▶ **Work instructions**:
Could you print the stretch of lines below from the one with "Denim Blue And" through the one with "Women Elegant Off", exactly as they stand and without any pictures?

(Data supplied)

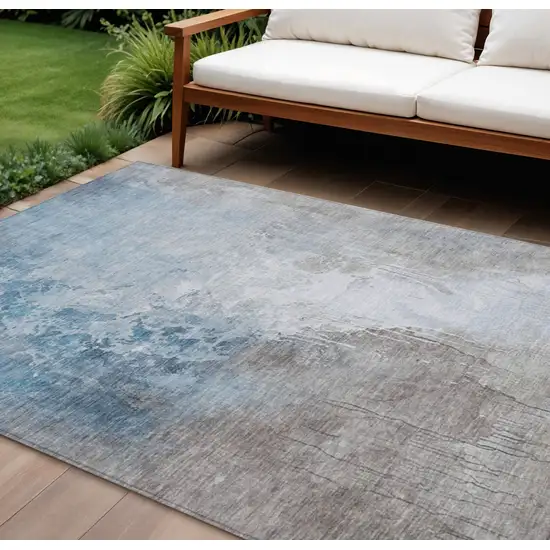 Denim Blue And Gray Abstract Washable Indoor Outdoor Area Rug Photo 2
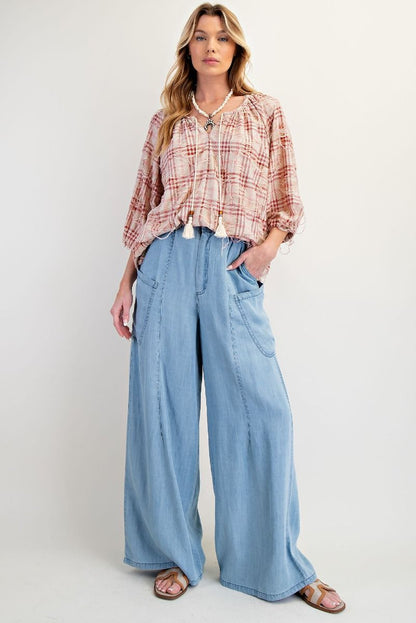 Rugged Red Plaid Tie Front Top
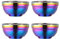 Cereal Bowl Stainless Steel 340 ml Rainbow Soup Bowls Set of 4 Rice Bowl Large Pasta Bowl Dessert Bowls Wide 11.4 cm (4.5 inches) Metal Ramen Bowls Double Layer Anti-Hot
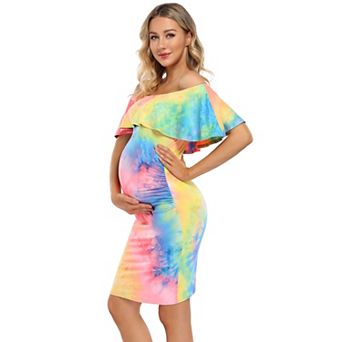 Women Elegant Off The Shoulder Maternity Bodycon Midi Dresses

(End Data supplied)
(Data supplied)

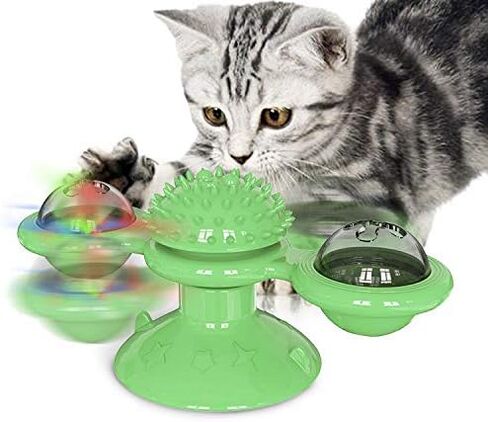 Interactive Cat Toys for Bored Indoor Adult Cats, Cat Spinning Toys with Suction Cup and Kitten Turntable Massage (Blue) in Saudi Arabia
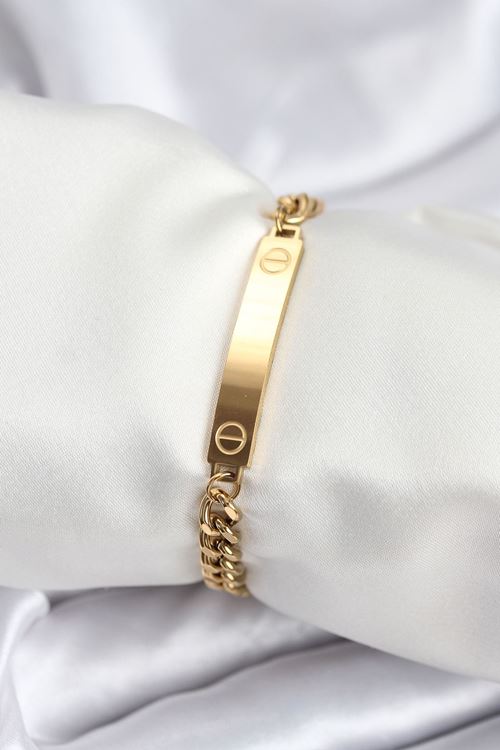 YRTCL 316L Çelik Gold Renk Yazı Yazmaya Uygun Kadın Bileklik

(End Data supplied)
(Data supplied)

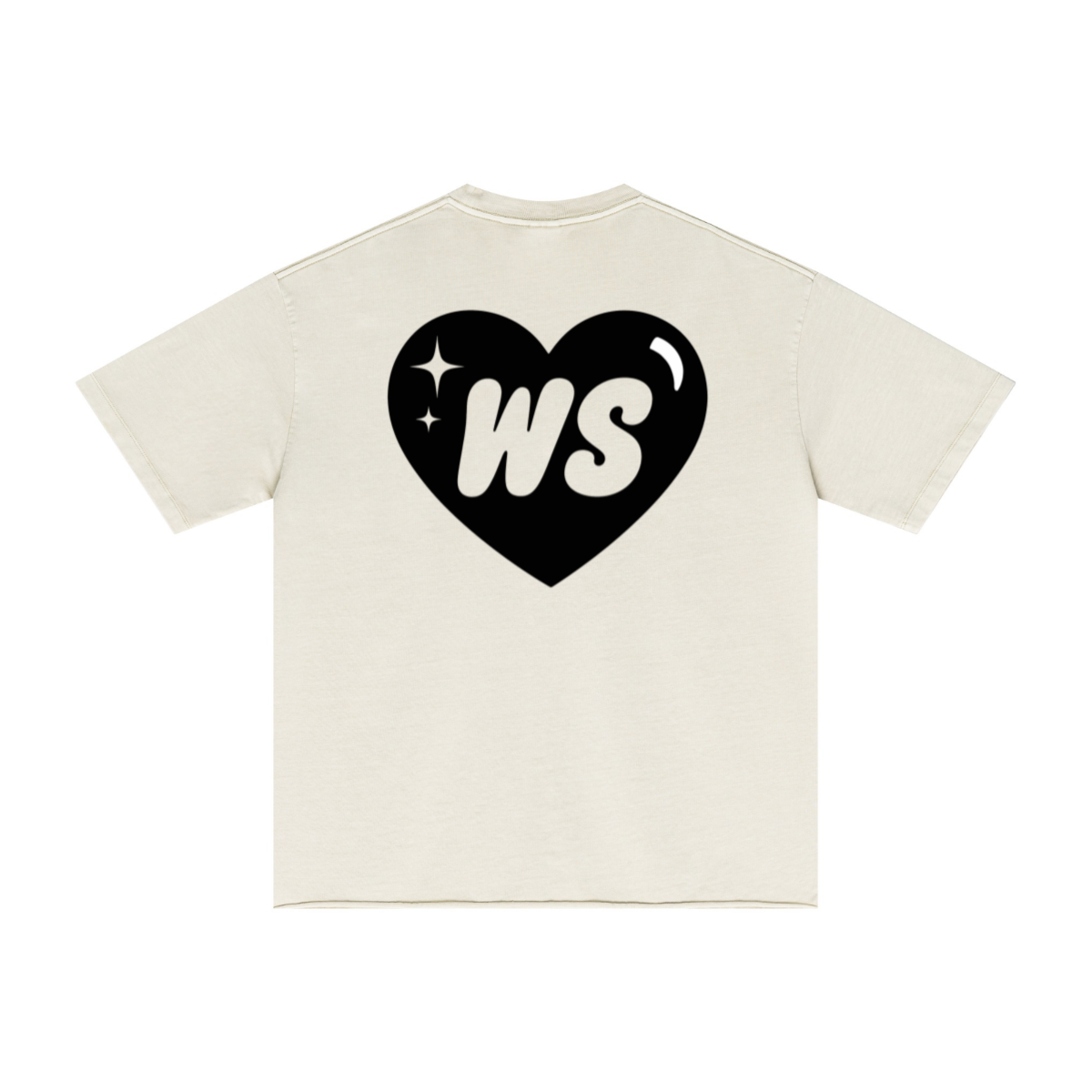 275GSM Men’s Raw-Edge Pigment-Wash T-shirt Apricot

(End Data supplied)

▶ **Response area**:
 Denim Blue And Gray Abstract Washable Indoor Outdoor Area Rug Photo 2
 Rugged Red Plaid Tie Front Top
 Cereal Bowl Stainless Steel 340 ml Rainbow Soup Bowls Set of 4 Rice Bowl Large Pasta Bowl Dessert Bowls Wide 11.4 cm (4.5 inches) Metal Ramen Bowls Double Layer Anti-Hot
 Women Elegant Off The Shoulder Maternity Bodycon Midi Dresses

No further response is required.